A semiformal ball this Saturday designed to celebrate diversity and Greek-letter life on campus will cost more than $50,000, with at least $20,000 coming from student fee allocations, according to Student Association documents and event planners.

The Unity Ball will be held at the Capital Hilton Hotel with the dual goal of commemorating the 150th anniversary of Greek-letter life at GW and encouraging multicultural groups and other student organizations to interact. Tickets will be available to 1,000 students for $20 each, and organizers said they expect most of the attendees to be members of Greek-letter organizations.

The Unity Ball has been held in the past, but was much smaller and focused solely on multicultural student organizations.

“It’s the first collaboration between the Student Association, Panhellenic Association, Inter-fraternity Council and the Multicultural Greek Council, and we are all extremely excited about it,” said junior Hilary Peltz, vice president of programming for the Panhellenic Association.

Four organizations – the SA, Panhellenic Association, Inter-Fraternity Council and the Multicultural Greek Council – are each contributing $5,000, said two members of the Panhellenic Association’s executive board. The rest of the $52,000 will be funded by ticket sales and co-sponsorships from other student organizations, including $300 from the Indian Student Association and $40 from the Black Student Union, according to documents submitted to the SA finance committee by SA President Vishal Aswani, a senior.

Despite the dozens of co-sponsors, event planners acknowledged that a disproportionate number of sorority and fraternity members have purchased the limited number of tickets.
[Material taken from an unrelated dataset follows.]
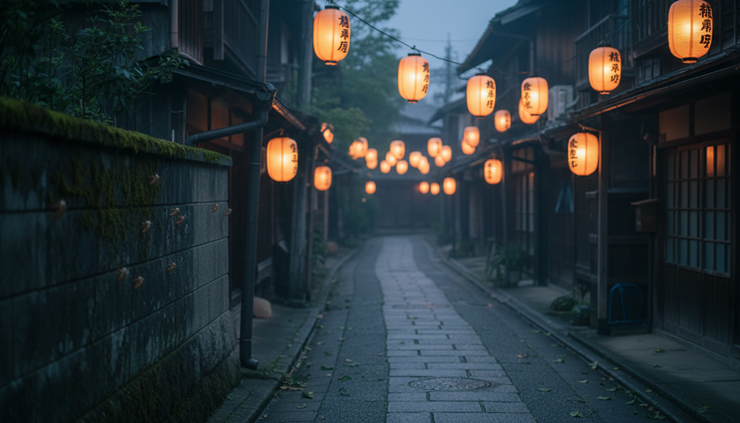 Wide-angle view of a quiet Japanese summer street at dusk with lanterns glowing near old houses.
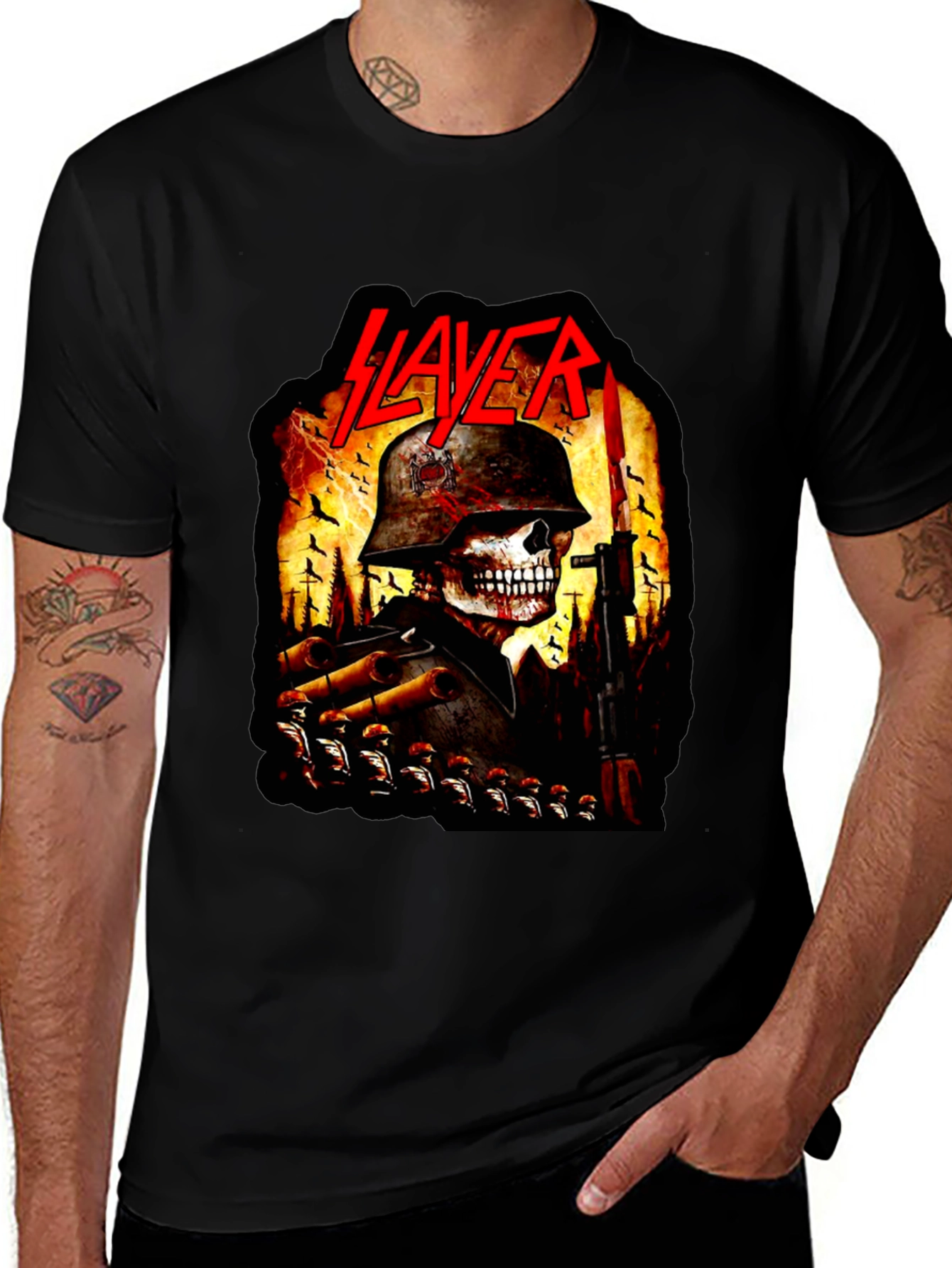 Slayer Band Skull Soldier Graphic Black T-Shirt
Peltz said she had been planning an all-Greek event when Aswani approached her about combining the two events.

Members of Greek-letter life make up 20 percent of the student body, but they account for more than half of the current Unity Ball ticket sales, co-sponsors and SA members said. Peltz said that since the Unity Ball will be used to kick off this year’s Greek Week, sororities and fraternities would get team points based on the percentage of members that buy tickets and attend.

“There are a lot more resources for spreading the word about the gala within the Greek community, and so I do think there will be a disproportionate number,” Peltz said. “However, this will not effect our non-Greek intentions of the gala: to celebrate multicultural organizations and to unify the spirit of the school.”

Aswani said he hoped the Unity Ball would someday replace individual semiformals hosted by student organizations.

“During the course of my campaign students asked me what I was going to do to make sure that we diverse groups don’t just coexist on campus, but interact,” Aswani wrote in an e-mail. “This ball is my end of the bargain.”

SA Sen. Logan Dobson (CCAS-U), who asked Aswani about the Unity Ball’s budget at Tuesday’s senate meeting, said the SA president would have had a hard time selling out tickets without associating the ball with Greek-letter life.

“Of course it will be disproportionately Greek. And of course that defeats the purpose of unity,” Dobson, a sophomore, said. “Vishal was faced with a bad choice. If he didn’t link it to Greek Week, he won’t get tons of people. If he does, it’s not a true unity event.”

Dobson, a member of Sigma Chi fraternity, said he would be attending the event despite his objections to the overall cost.